Russian soldiers on intercepted phone conversations called it “zachistka” — cleansing, according to an investigation by The Associated Press and the PBS series “Frontline.”

Such organized cruelty, which Russian troops employed in past conflicts as well, notably in Chechnya, was later repeated in Russia-occupied territories across Ukraine.

Zelensky handed out medals to soldiers, police officers, doctors, teachers and emergency workers in Bucha, as well as to the families of two soldiers killed during the defense of the Kyiv region.

“Ukrainian people, you have stopped the biggest anti-human force of our times,” he said. “You have stopped the force which has no respect and wants to destroy everything that gives meaning to human life.”

More than 1,400 civilian deaths, including 37 children, were documented in the Bucha district by Ukrainian authorities, Zelensky said. More than 175 people were found in mass graves and alleged torture chambers, he said. Ukraine and other countries, including the U.S., have demanded that Russia answer for war crimes.

Prosecutor General Andriy Kostin alleged Friday that many of the dead civilians were tortured. Almost 100 Russian soldiers are suspected of war crimes, he said on his Telegram channel, and indictments have been issued for 35 of them.

Two Russian servicemen have already been sentenced by a Ukrainian court to 12 years in prison for illegally depriving civilians of liberty, and for looting.

“I am convinced that all these crimes are not a coincidence. This is part of Russia’s planned strategy aimed at destroying Ukraine as a state and Ukrainians as a nation,” Kostin said.

In Geneva, the U.N. human rights chief said his office has so far verified the deaths of more than 8,400 civilians in Ukraine since Russia’s invasion — a count believed to be far short of the true toll. Volker Türk told the U.N. Human Rights Council that “severe violations of human rights and international humanitarian law have become shockingly routine” amid Russia’s invasion.
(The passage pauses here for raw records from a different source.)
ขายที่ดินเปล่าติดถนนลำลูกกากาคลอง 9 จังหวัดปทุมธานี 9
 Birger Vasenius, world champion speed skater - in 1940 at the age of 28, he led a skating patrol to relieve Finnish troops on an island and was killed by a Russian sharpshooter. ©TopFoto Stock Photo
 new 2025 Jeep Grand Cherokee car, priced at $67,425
Belarusian president Alexander Lukashenko, along with announcing the possibility of Russian strategic nuclear weapons being put on his country’s soil, at the same time called for a cease-fire in Ukraine. A truce, he said in his state-of-the-nation address in Minsk, must be announced without any preconditions, and all movement of troops and weapons must be halted.

“It’s necessary to stop now before an escalation begins,” Lukashenko said, adding that an anticipated Ukrainian counteroffensive using Western-supplied weapons would bring “an irreversible escalation of the conflict.”

But Kremlin spokesman Dmitry Peskov responded that Russia has to keep fighting, claiming Ukraine has rejected any talks under pressure from its Western allies.

Peskov also dismissed remarks by Hungarian Prime Minister Viktor Orban’s that the European Union was mulling the deployment of peacekeeping troops to Ukraine, calling that “extremely dangerous.”

Russia has maintained its bombardment of Ukraine with the war already into its second year. Along with the two civilians killed Friday, 14 other civilians were wounded early Friday as Russia launched missiles, shells, exploding drones and gliding bombs, the Ukraine presidential office said.

Two Russian missiles hit the city of Kramatorsk in the Donetsk region, damaging eight residential buildings., the office said. Nine Russian missiles struck Kharkiv, damaging residential buildings, roads, gas stations and a prison. And Russian forces shelled the southern city and region of Kherson.

A barrage at Zaporizhzhia and its outskirts caused major fires.